Lotta shares her story
Since my mid-20s I have been very body aware – my lifestyle is relatively healthy. I have never smoked, I don’t drink, I exercise regularly, I check my breasts and I generally look after my body.
In mid-December 2016 I lifted my gym bag out of my car; it hit me on the left-hand side of my chest, and it felt like a very sharp edge. I didn’t think much of it the first week. I thought it was just a large bruise under the skin and therefore it would go away in time. When it hadn’t gone away after three weeks, I made an appointment with my GP who did an examination. They referred me to the breast clinic for further checks, just to be on the safe side. I wasn’t feeling nervous, the GP was calm, and it is not in my nature to worry about things until I know what I’m dealing with.

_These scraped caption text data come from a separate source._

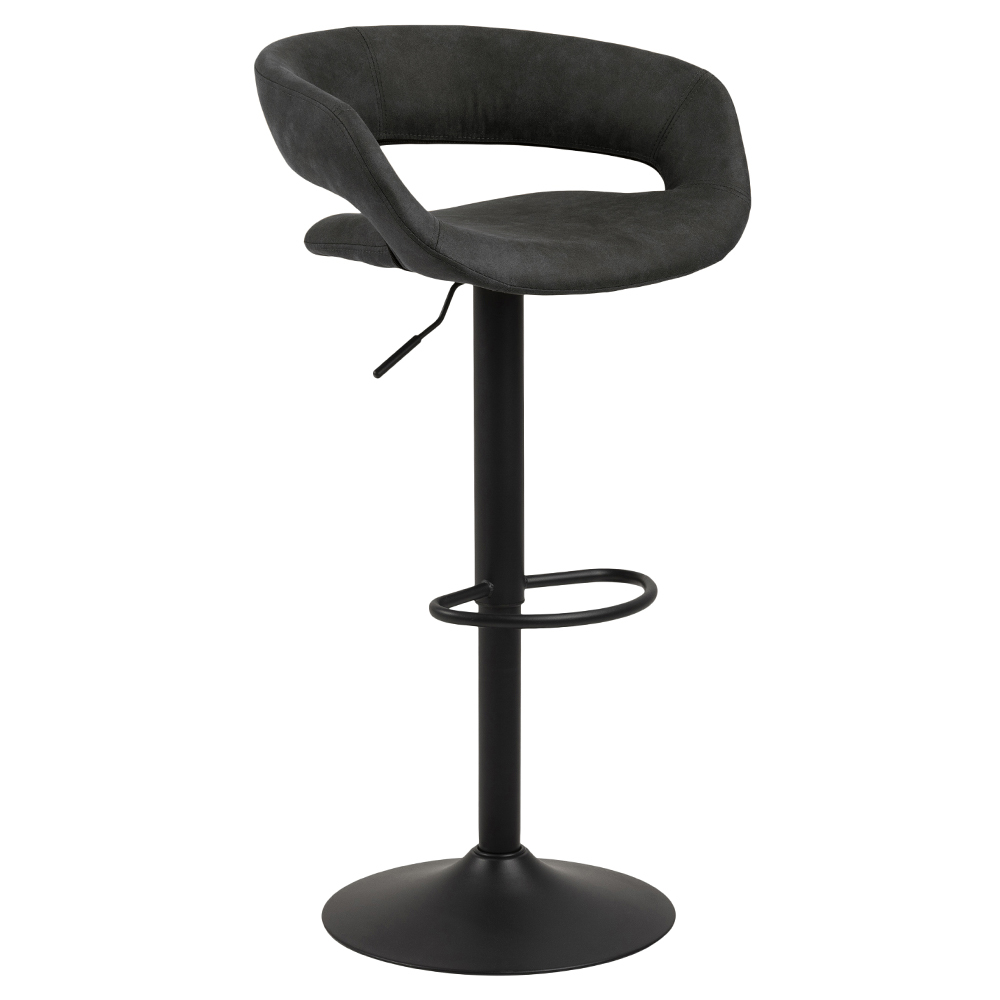 SELSEY Hoker tapicerowany Hannah antracytowy na czarnej nodze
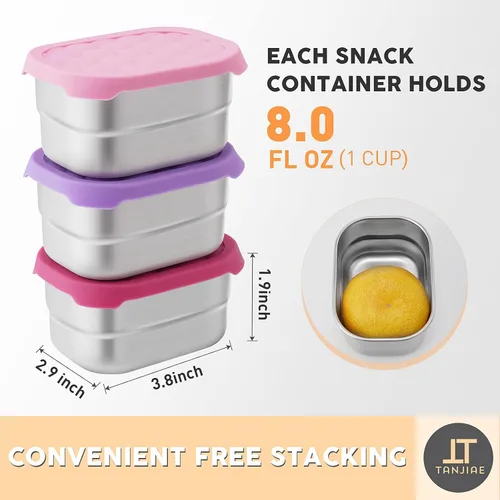 Vista 3 de Tanjiae Recipientes Pequeños (1 Taza) de Acero Inoxidable para Bocadillos para Niños Recipientes de Comida Fáciles de Abrir a Prueba de Fugas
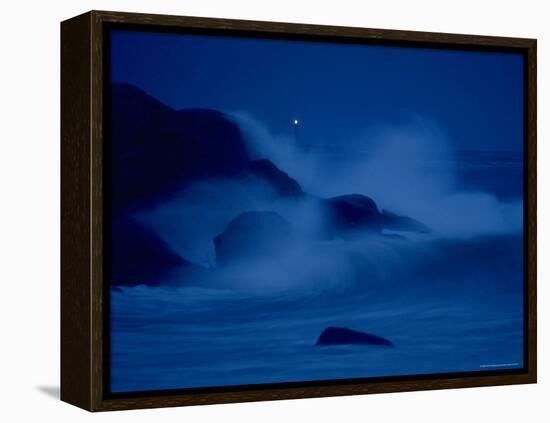 Autumn Storm, a Nor'easter, Surrounding the Lighthouse on Thacher Island at Night-Leonard Mccombe-Framed Premier Image Canvas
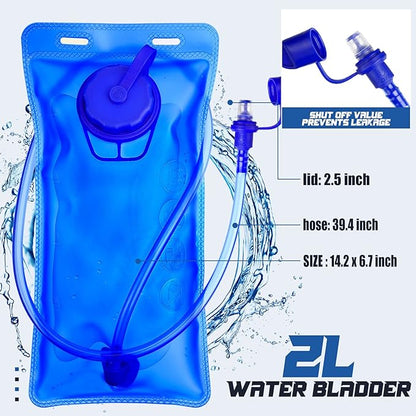 4 Pcs Hydration Backpack Pack with 2L Water Bladder, Hydration Pack with Hydration Bladder Hiking Running Cycling Biking Water Backpack Bag for Men and Women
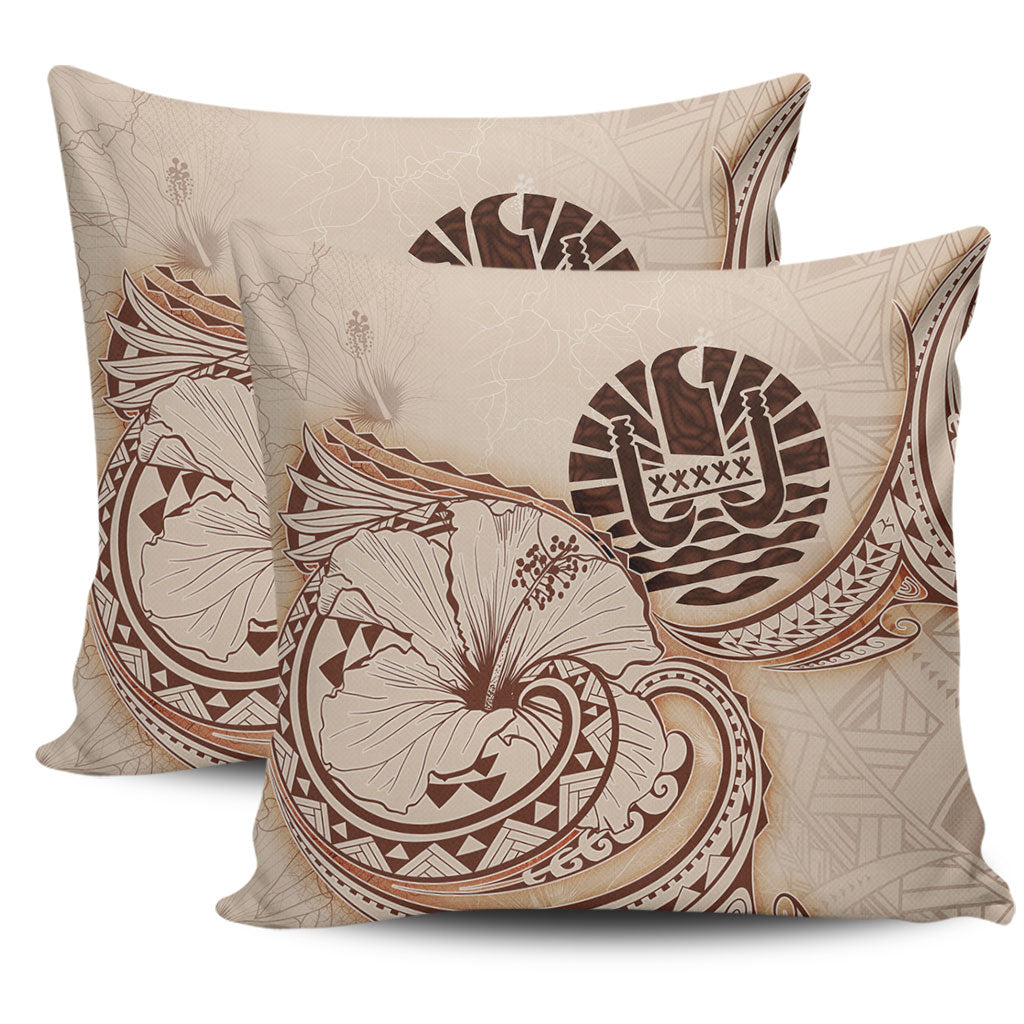 Tahiti Pillow Cover Hibiscus Flower Vintage Style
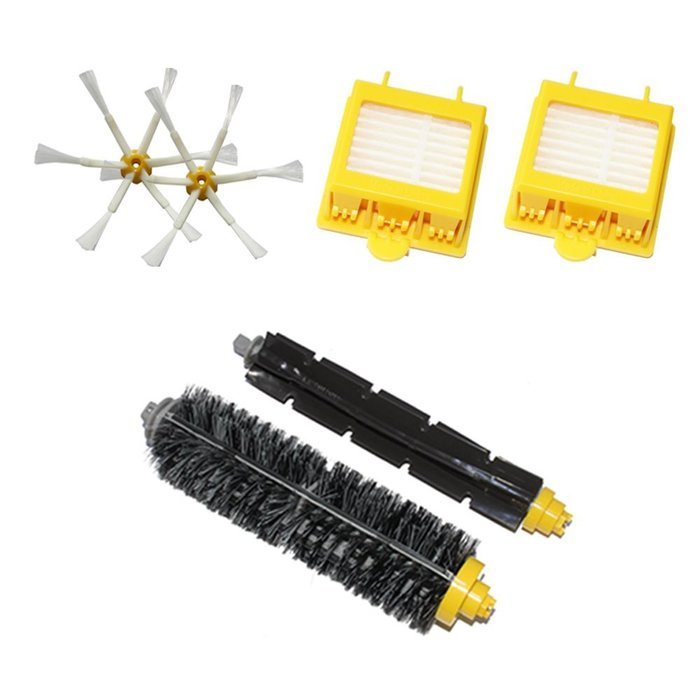 Hongfa Irobot Roomba Brush and Filter Kit 6-armed Side Brush, Flexible Beater Brush, Bristle Brush and Yellow... N2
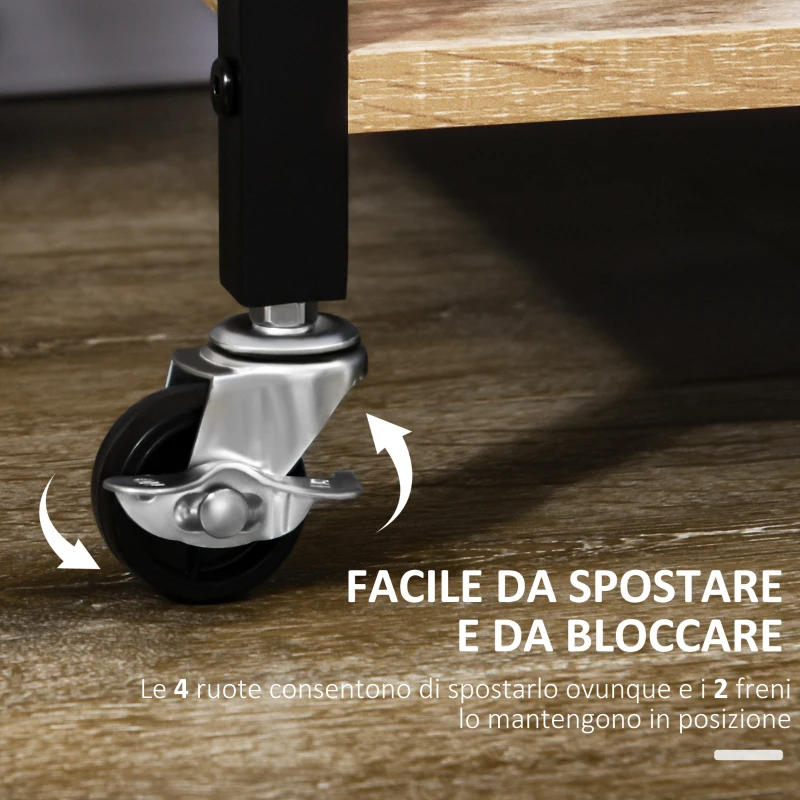 HOMCOM Carrello da Cucina a 3 Ripiani con Vassoio Rimovibile e Ruote Girevoli, 72x40x94cm, Legno e Nero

I went for a biopsy four weeks after my initial appointment, and two weeks after that I went for an appointment to get my results. As it was during the day and because I don’t have family in the UK, I went on my own.
The doctor advised me that I had breast cancer. I was 35 years old with no history of breast cancer in my family. The initial shock literally took my breath away; they were the last words I ever expected to hear. My appointment lasted about 15 minutes and then I had to make decisions on who to tell and how. This turned out to be a much harder task than I had expected.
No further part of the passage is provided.